[[ DATASET EXCERPTS open ]]
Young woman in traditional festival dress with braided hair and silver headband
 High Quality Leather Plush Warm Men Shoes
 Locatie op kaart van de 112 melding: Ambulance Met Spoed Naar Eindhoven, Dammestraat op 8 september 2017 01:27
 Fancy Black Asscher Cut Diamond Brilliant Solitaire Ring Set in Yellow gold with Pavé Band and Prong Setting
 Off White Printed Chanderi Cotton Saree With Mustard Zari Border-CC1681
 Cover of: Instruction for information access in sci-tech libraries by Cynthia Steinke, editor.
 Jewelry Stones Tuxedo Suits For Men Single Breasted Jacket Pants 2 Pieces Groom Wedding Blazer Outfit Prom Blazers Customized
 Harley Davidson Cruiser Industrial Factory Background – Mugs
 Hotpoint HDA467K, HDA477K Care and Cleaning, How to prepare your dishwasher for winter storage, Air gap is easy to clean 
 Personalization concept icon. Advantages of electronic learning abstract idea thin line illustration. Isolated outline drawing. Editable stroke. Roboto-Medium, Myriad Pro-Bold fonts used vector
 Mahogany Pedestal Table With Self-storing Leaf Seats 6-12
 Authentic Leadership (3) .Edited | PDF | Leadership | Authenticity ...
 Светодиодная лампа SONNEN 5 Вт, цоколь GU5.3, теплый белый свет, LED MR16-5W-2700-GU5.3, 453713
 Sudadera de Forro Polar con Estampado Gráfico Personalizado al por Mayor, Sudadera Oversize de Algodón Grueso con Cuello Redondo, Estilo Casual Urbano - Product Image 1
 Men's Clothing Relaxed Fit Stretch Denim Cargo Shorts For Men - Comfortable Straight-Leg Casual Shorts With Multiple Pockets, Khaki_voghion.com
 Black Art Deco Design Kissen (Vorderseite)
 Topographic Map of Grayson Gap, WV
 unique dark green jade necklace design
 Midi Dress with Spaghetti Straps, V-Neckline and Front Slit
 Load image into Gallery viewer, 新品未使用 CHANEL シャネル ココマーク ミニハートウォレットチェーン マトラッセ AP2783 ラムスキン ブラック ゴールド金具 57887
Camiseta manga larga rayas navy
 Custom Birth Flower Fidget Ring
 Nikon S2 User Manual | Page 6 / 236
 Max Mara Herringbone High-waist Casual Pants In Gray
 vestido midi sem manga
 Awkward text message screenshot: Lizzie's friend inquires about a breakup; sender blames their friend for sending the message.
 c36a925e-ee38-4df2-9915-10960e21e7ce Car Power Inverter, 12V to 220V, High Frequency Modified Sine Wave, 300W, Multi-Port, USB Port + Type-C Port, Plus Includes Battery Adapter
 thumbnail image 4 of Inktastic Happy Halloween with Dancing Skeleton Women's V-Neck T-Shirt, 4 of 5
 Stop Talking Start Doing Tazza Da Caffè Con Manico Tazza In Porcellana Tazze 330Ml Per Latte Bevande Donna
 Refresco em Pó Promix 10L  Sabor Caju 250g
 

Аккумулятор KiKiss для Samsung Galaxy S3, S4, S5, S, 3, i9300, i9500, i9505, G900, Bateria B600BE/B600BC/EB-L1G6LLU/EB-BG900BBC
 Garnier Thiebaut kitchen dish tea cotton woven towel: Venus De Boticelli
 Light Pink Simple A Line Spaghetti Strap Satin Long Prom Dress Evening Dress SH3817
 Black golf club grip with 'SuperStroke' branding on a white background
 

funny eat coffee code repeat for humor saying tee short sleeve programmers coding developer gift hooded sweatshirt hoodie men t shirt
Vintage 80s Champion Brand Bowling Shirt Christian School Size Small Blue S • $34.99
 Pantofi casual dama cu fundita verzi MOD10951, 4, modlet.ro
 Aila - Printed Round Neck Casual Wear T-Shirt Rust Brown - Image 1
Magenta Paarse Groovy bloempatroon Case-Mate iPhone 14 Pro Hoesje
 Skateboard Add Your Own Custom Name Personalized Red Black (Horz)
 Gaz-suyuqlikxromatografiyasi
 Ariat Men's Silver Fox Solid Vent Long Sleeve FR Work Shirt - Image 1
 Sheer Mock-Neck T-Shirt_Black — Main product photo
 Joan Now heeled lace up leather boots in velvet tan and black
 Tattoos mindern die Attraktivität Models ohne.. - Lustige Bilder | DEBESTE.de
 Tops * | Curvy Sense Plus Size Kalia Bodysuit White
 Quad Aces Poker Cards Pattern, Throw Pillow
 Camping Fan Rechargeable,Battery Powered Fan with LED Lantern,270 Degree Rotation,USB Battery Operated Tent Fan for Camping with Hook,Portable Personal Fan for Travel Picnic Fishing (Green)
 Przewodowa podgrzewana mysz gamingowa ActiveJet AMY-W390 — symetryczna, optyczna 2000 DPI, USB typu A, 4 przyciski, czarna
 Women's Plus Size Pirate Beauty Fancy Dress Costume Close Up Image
[[ DATASET EXCERPTS closed ]]
_GOAL OF THE EXERCISE:_
Go through the lines above. Select every one that has the string "Women".

_ANSWER AREA:_
 thumbnail image 4 of Inktastic Happy Halloween with Dancing Skeleton Women's V-Neck T-Shirt, 4 of 5
 Women's Plus Size Pirate Beauty Fancy Dress Costume Close Up Image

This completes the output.